Code duplication is against the software engineering best practice of code reusability.  Some of the major disadvantages of code duplication are the following

  1. It Increases the number of Lines of Code (LOC), which impacts the performance of the software.
  2. Need to write extra unit tests to cover each duplicate method to maintain a good coverage.
  3. Needs to make changes in multiple files for a change due to code duplication. This will impact the maintenance  cost
  4. Highlights the lack of quality of the software team.

Different types of Duplication

The code duplication can be broadly classified in to three types
  • Different Methods but with Identical LOC
             Example:  methods – m1 () and m2() which contain the same identical LOC.
  • Same Method with Identical LOC but in different class files
             Example:  method m1 () in class A and class B which has the same LOC
  • Identical set of LOC in multiple methods
             Example:  Two methods – m1() and m2() in same or in different files ,which contains 30 LOC but 15 LOC are identical
  • Similar LOC
              Example: Two methods m1() and m2() which has “almost” similar LOC but parameter and attribute names are different.
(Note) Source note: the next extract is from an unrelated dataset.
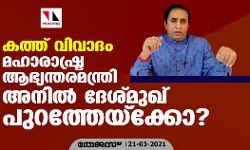 കത്ത് വിവാദം; മഹാരാഷ്ട്ര ആഭ്യന്തരമന്ത്രി അനില്‍ ദേശ്മുഖ് പുറത്തേയ്‌ക്കോ ?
This article addresses the first three category of code duplication.

 

Duplication Elimination Procedure

Here are some of the common methods through which we can remove these duplication.

 

Different Methods but with Identical LOC & same Method with Identical LOC but in different class files

Example:  methods – m1 () and m2() which contain the same identical LOC.
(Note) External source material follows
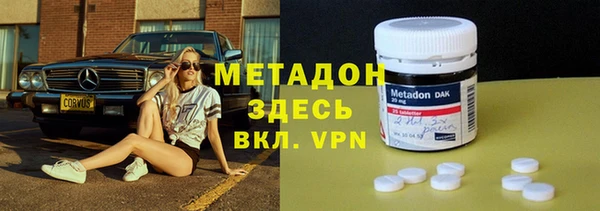 альфа пвп VHQ Алексеевка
Method-1 : Delete and Redirect approach

  • Maintain one method (e.g.: m1 () ) which will be used throughout the software.
  • Delete the contents of other methods (e.g.: m2() and replace it with actual method call – m1()

[code]
public void m1() {
// LOC
}

public void m2() {
// removing its content and replace with m1() call
m1()
}

public void m3() {
// removing its content and replace with m1() call
m1()
}

[/code]

Method-2 : Delete and modify reference approach
  • Maintain one method (e.g.: m1() )which will be used throughout the software.
  • Delete all other identical methods. (e.g.: delete m2()m3() etc which are all identical methods of m1() )
  • Identify the code location from which the deleted methods are referenced and replace it with the unique method. (e.g.:  All calls to m2() and m3() must be replaced with m1() 

 

Identical set of LOC in multiple methods

In this case not all LOC of methods are identical but a good percentage is identical.Example:  Two methods – m1() and m2() in same or in different files ,which contains 30 LOC but 15 LOC are identical

The elimination procedure is slightly complicated than the previous ones for this scenario.
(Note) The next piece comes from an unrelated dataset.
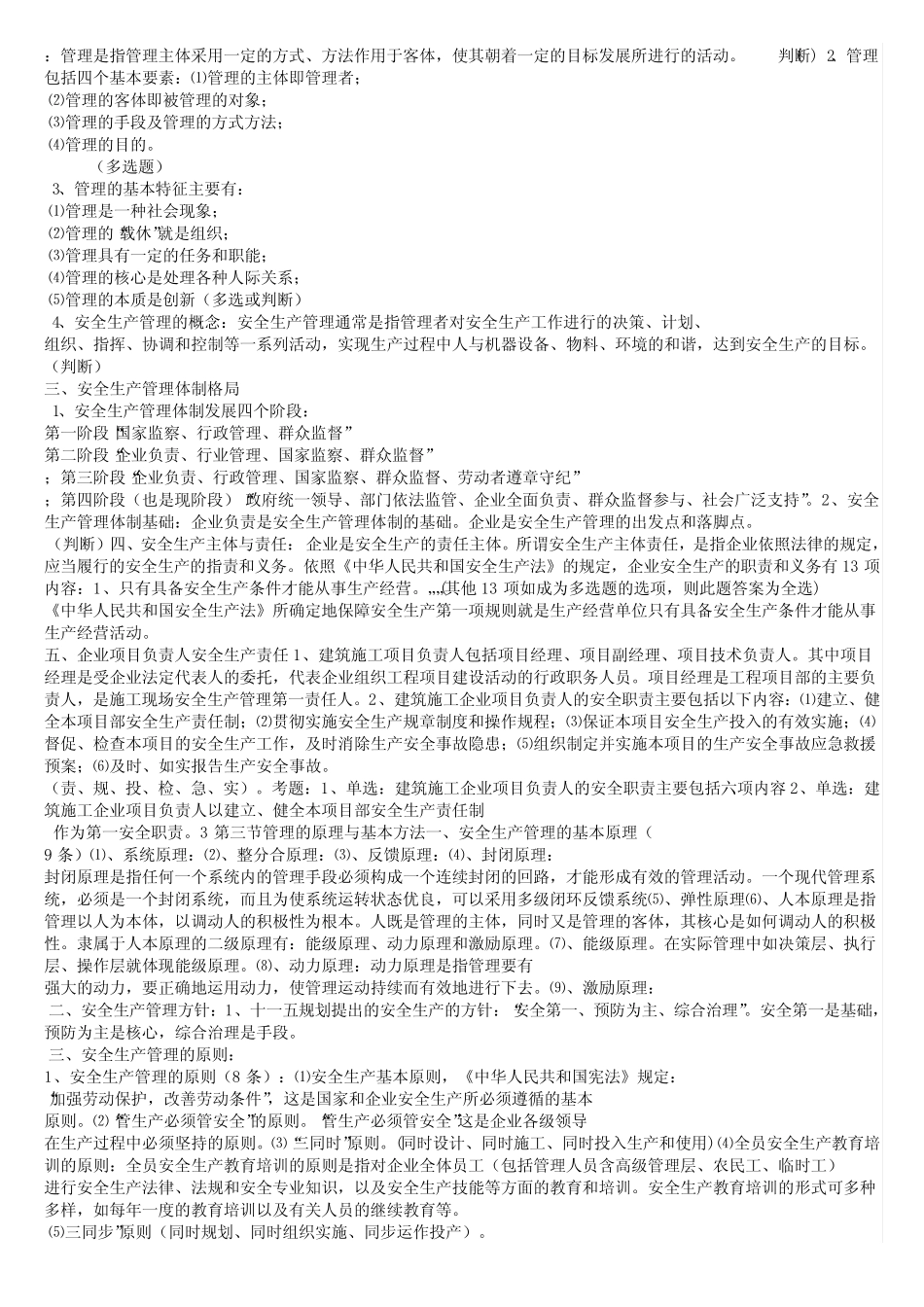 江苏省B类安全员考试复习重点 _第2页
  1. Identify a less complex method which contains this identical code and make sure that it has Unit tests with good coverage.  e.g.:  m1 ()
  2. Create a new method and copy all the identical LOC to that method. e.g.: mn()
  3. Check whether these LOC is using any parameter / attribute reference which were a part of the parent method and if so add that to the method signature.  e.g.: if the LOC in mn() is referencing to an amount parameter then re-define the method signature as mn (int amount)
  4. Replace the LOC in parent method with the new method reference and passing the relevant parameters. Example mn( 100)
  5. Run all the unit tests for the parent method (e.g.: m1() ) and make sure it all got passed.
  6. Now apply step-4 and step-5 to other duplicate methods sharing the same identical LOC. e.g.: if m2() and m3() also has the same
  7. LOC as in m1() which was moved to mn(int amount), then delete those LOC from m2() and m3() and replace it with mn() call.

Where to create the new methods

In the above mentioned elimination approaches we are creating a new method.  However where to maintain this new method depends on the nature of the method.  However here are some generic guidelines.

  1. If it is a common method like Date formatting, it can be maintained in a library or utility class which can be used by all classes.
  2. If it is a method in a derived class, then move to the base class.
  3. If they are methods in two different classes, then check for the feasibility of introducing a base class. If the base class is not meaningful, consider it moving to a utility class.

There is one more kind of code duplication – Similar LOC.  They are not identical but behavior is similar. This will be addressed in a separate article.